At issue in Hotze v. Burwell is whether the ACA is unconstitutional because it is a revenue-raising law that should have originated in the House rather than the Senate. The case is before a three-judge panel of the 5th U.S. Circuit Court of Appeals in New Orleans.
Plaintiffs in the case argue that the law is unconstitutional partly because it started in the Senate rather than the House, violating the origination clause of the Constitution which requires “bills for raising revenue” originate in the House. Defendants, however, argue that it did start in House, albeit as a different measure focusing on a first-time homebuyer's credit for members of the military. The Senate then transformed that bill into what became the ACA.
Democrats involved in the case say that means the bill met the requirement of starting in the House, while the Republicans involved say the measure was changed so much that it shouldn't count as having started in the House.
Andrew Schlafly, an attorney for the plaintiff, said he focused in his arguments Tuesday on the meaning of the origination clause.
“It was important when the Constitution was ratified, and it's important today,” Schlafly said of the clause in an interview after oral arguments. “What it does is it ensures maximum political accountability for revenue-raising bills.
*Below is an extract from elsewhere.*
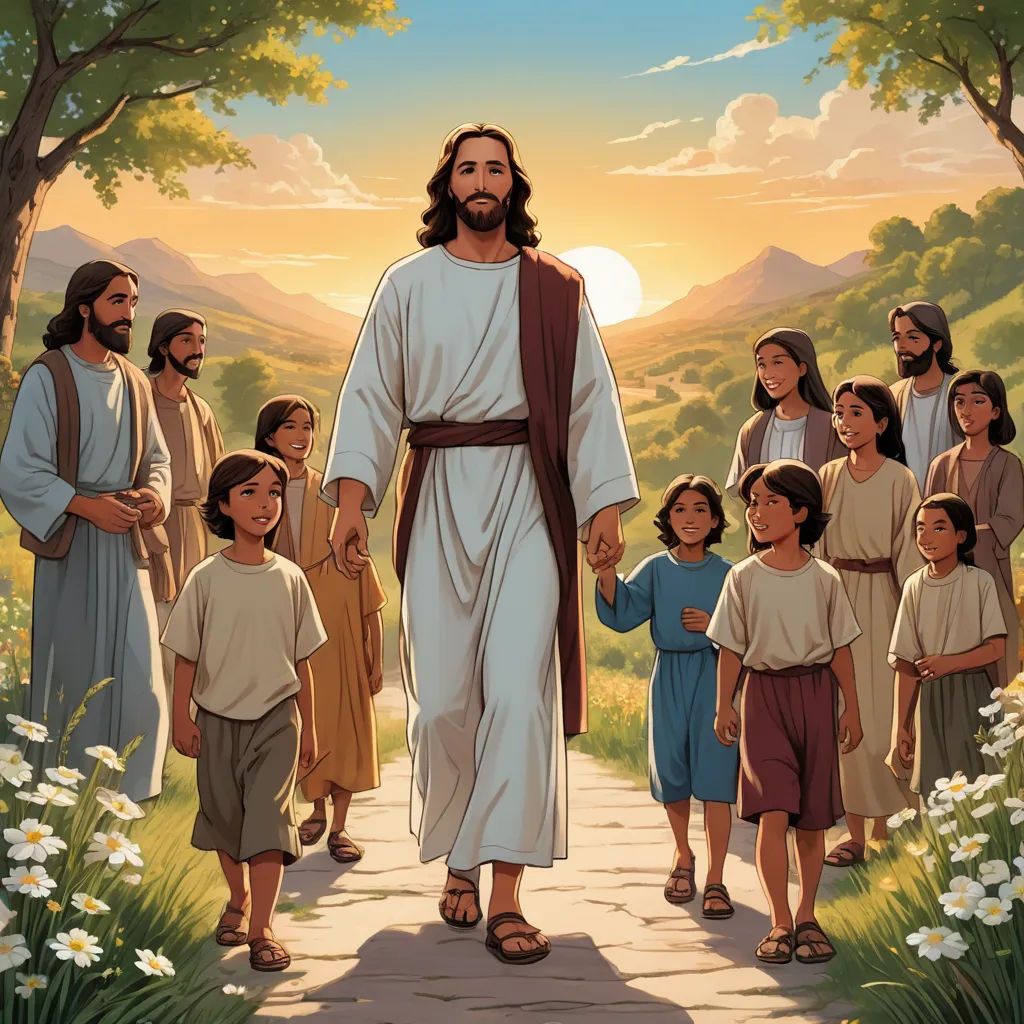 a painting of jesus walking with his children in a field of flowers and trees in the background, with a sun setting behind him, incoherents, a storybook illustration, Brothers Hildebrandt, rossdraws global illumination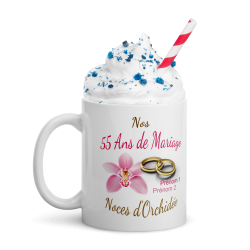 Tasse Nos 55 ans mariage personnalisée noces orchidée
Obamacare violates it.”
The judges Tuesday engaged in lively questioning and “showed some skepticism to both sides,” he said.
Gregory Katsas, an attorney for about 90 House Republicans challenging the law, also said Tuesday the judges “seemed to press both parties reasonably hard.”
Katsas argued that if the origination clause doesn't apply to taxes with a regulatory purpose and if the Senate truly has unlimited power to amend House tax bills, then the clause is drained of its meaning.
“The Affordable Care Act is a massive set of tax increases,” Katsas said in an interview Tuesday after arguments. “The bill that became the ACA was created by the Senate. It bears no relationship to anything the House of Representatives had originated, so if these taxes are upheld then there's really nothing left of the origination clause.”
Attorney Alisa Klein, arguing for the Justice Department, said no House members argued that the origination clause was being violated when the law was making its way through Congress in 2009 and 2010.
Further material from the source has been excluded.